__Instructions for the task__. Exact copy without images: repeat every entry as written.

__Source data__.
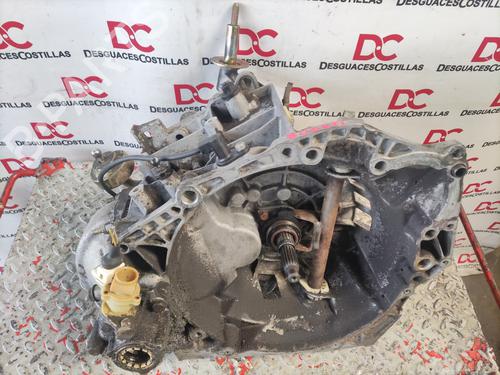 Gearbox CITROËN EVASION MPV (22, U6) 2.0 | BP17406681M3 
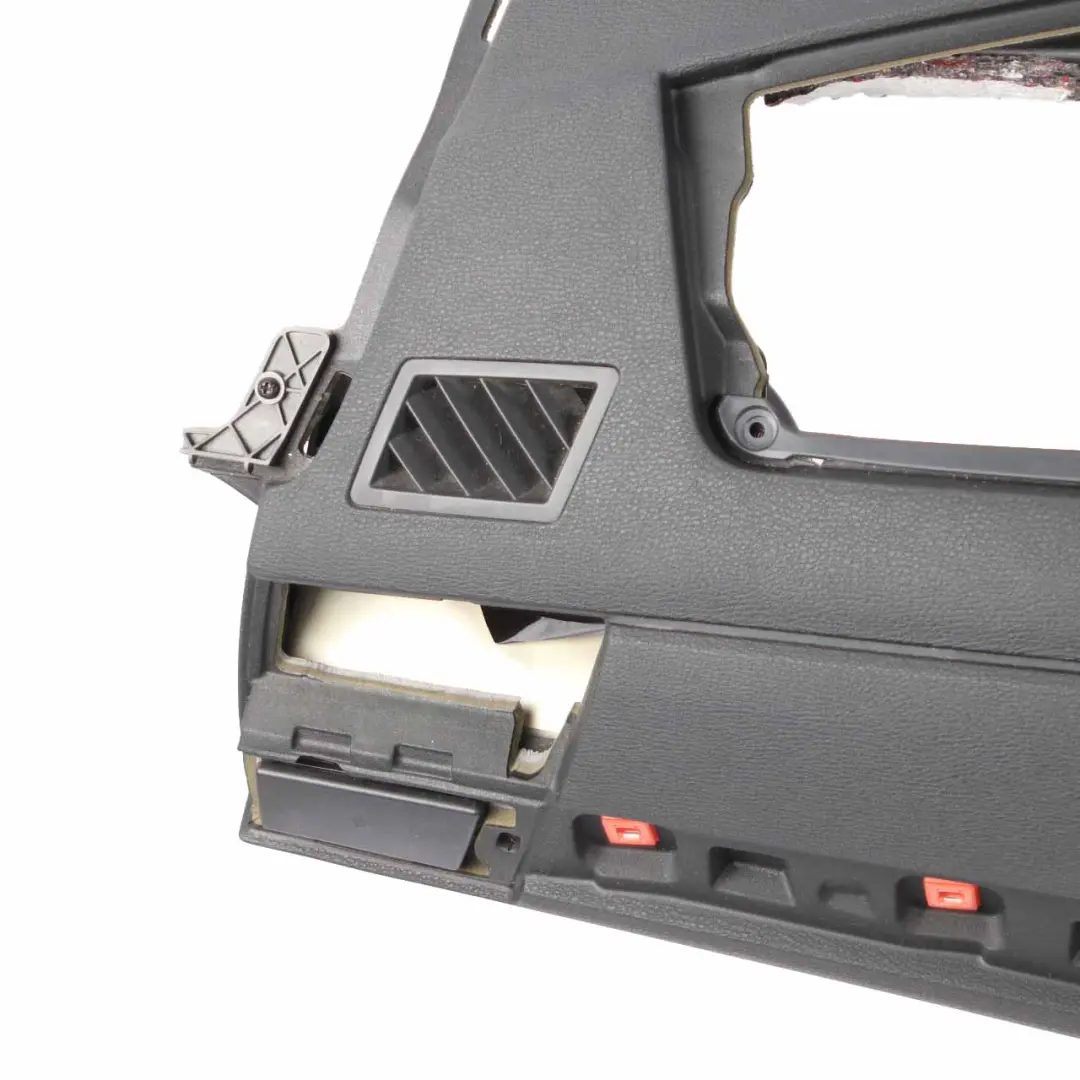 BMW X3 Series E83 LCI Dashboard Dash Console Trim Panel Black - SKU rhd-3445941 - Part number 3445941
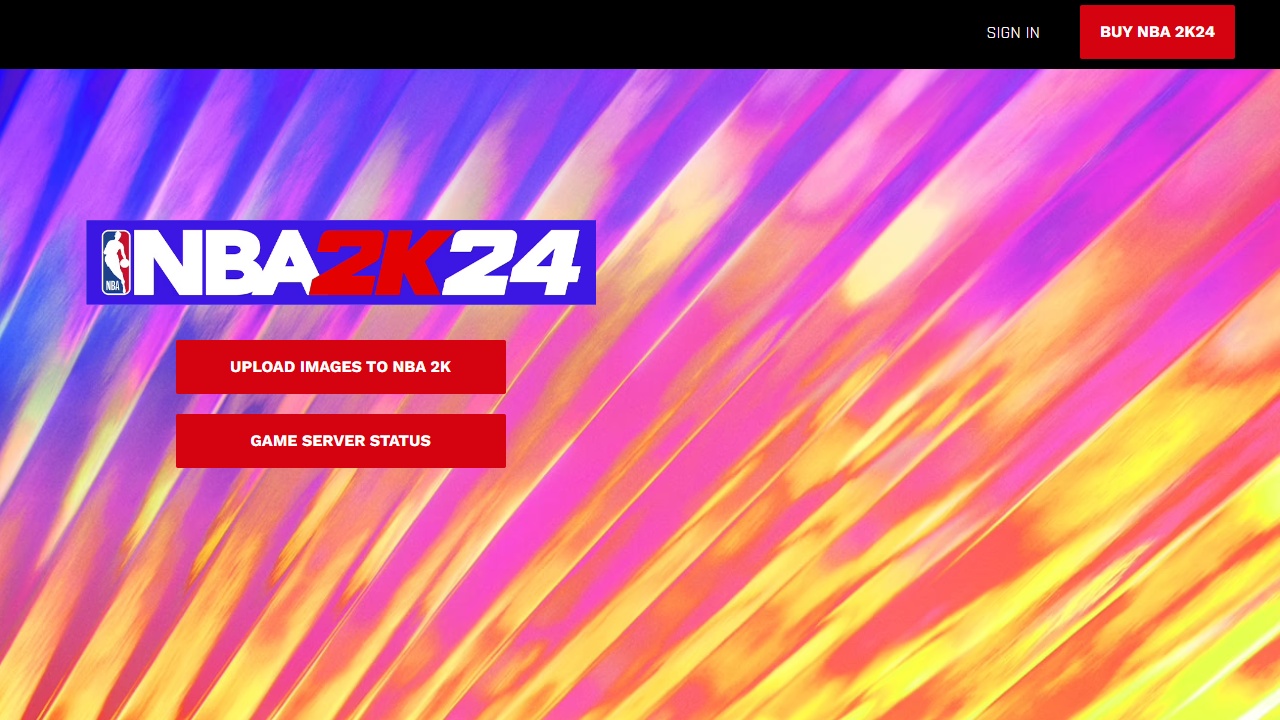 NBA-2K-Website
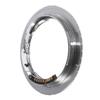 Focus Infinity AF Confirm Lens Adapter 9th Gen for Nikon AI Lens Compatible For Canon EOS Cameras 5D Mark II/III 6D 7D Mark II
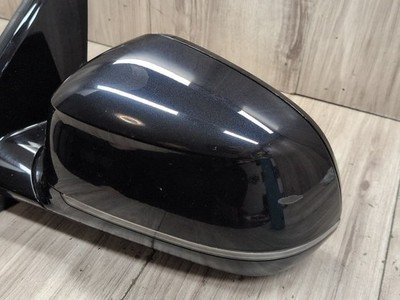 19-25 OEM BMW G05 G07 X5 X7 Left Driver Side Mirror Blind Spot SHADOW 8738315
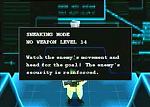 Metal Gear Solid: Special Missions - PlayStation Screen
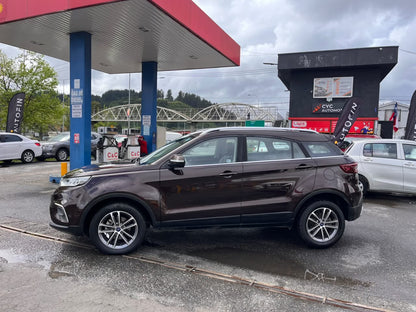 FORD TERRITORY TREND 1.5 AUT 2022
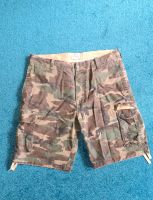 VINTAGE SHORTS Camouflage Nordrhein-Westfalen - Bad Salzuflen Vorschau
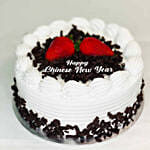 Chinese New Year Black Forest Cake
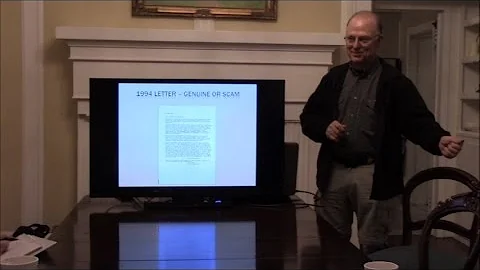 Humboldt Historical Society - January 22, 2015 - S...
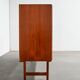 Danish teak enfilade – vintage Scandinavian sideboard 196 cm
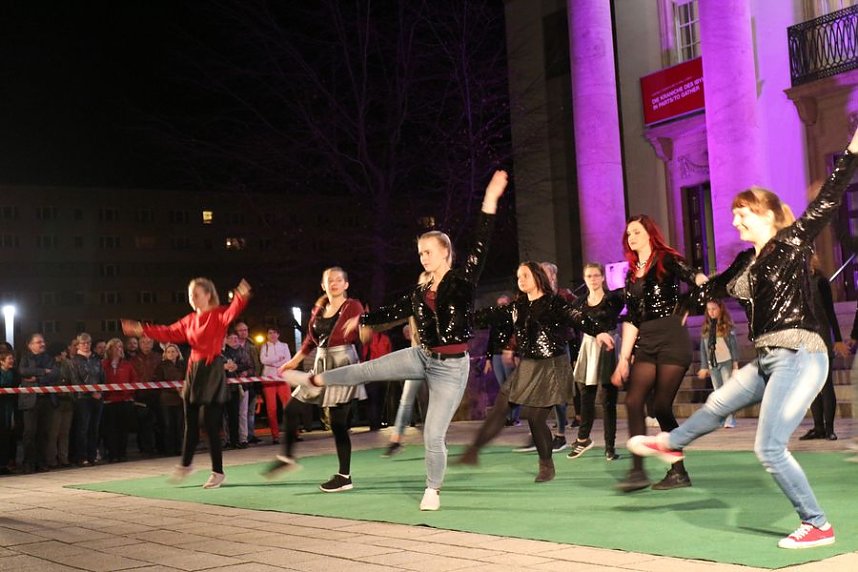 10. Nordth&uuml;ringer Kulturnacht in Nordhausen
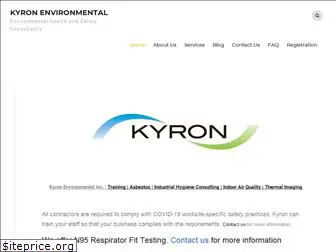 kyronehs.com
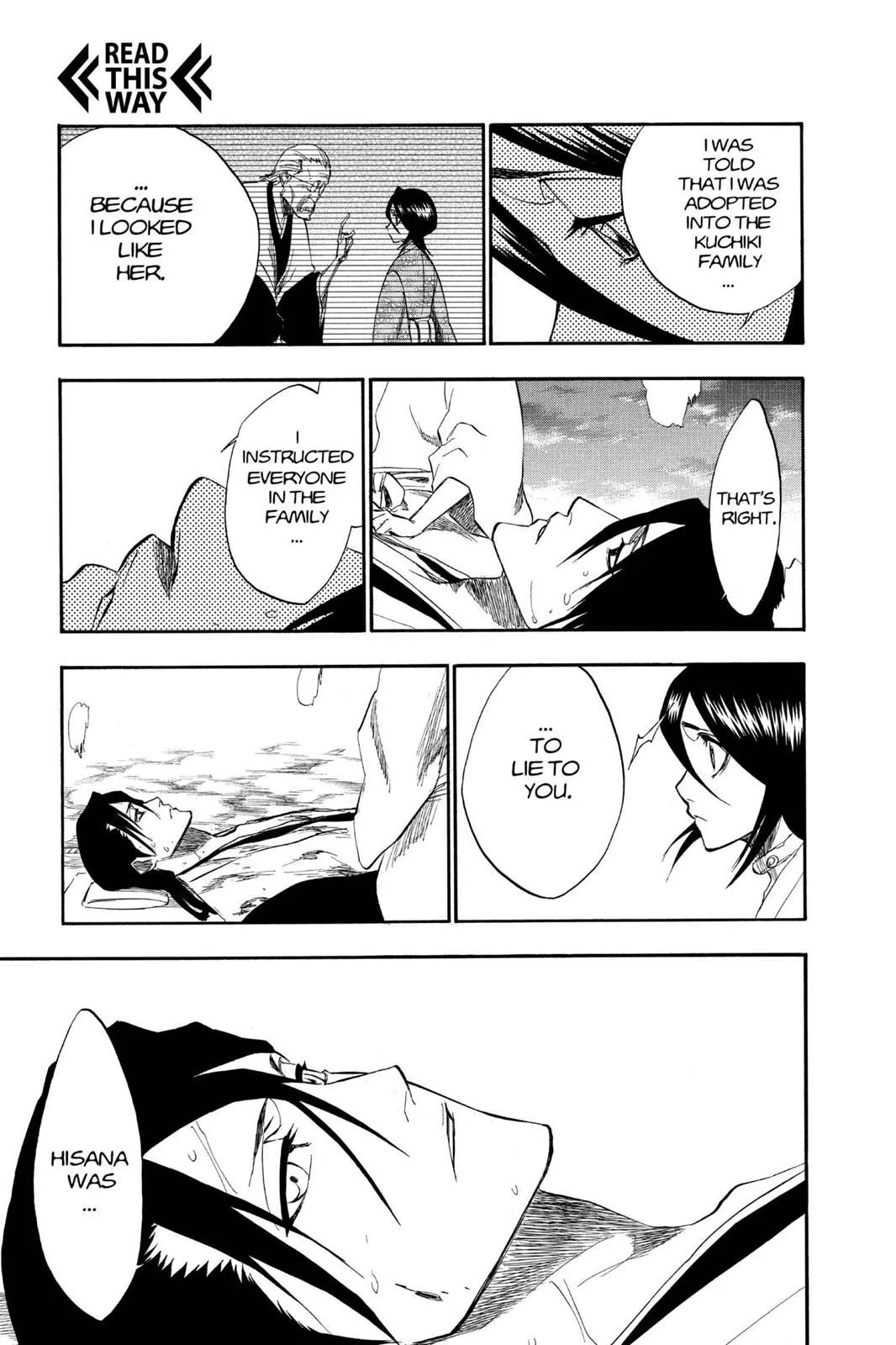 Read Bleach Manga Online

__Task result__.
 Gearbox CITROËN EVASION MPV (22, U6) 2.0 | BP17406681M3 
 BMW X3 Series E83 LCI Dashboard Dash Console Trim Panel Black - SKU rhd-3445941 - Part number 3445941
 NBA-2K-Website
 Focus Infinity AF Confirm Lens Adapter 9th Gen for Nikon AI Lens Compatible For Canon EOS Cameras 5D Mark II/III 6D 7D Mark II
 19-25 OEM BMW G05 G07 X5 X7 Left Driver Side Mirror Blind Spot SHADOW 8738315
 Metal Gear Solid: Special Missions - PlayStation Screen
 FORD TERRITORY TREND 1.5 AUT 2022
 VINTAGE SHORTS Camouflage Nordrhein-Westfalen - Bad Salzuflen Vorschau
 Chinese New Year Black Forest Cake
 Humboldt Historical Society - January 22, 2015 - S...
 Danish teak enfilade – vintage Scandinavian sideboard 196 cm
 10. Nordth&uuml;ringer Kulturnacht in Nordhausen
 kyronehs.com
 Read Bleach Manga Online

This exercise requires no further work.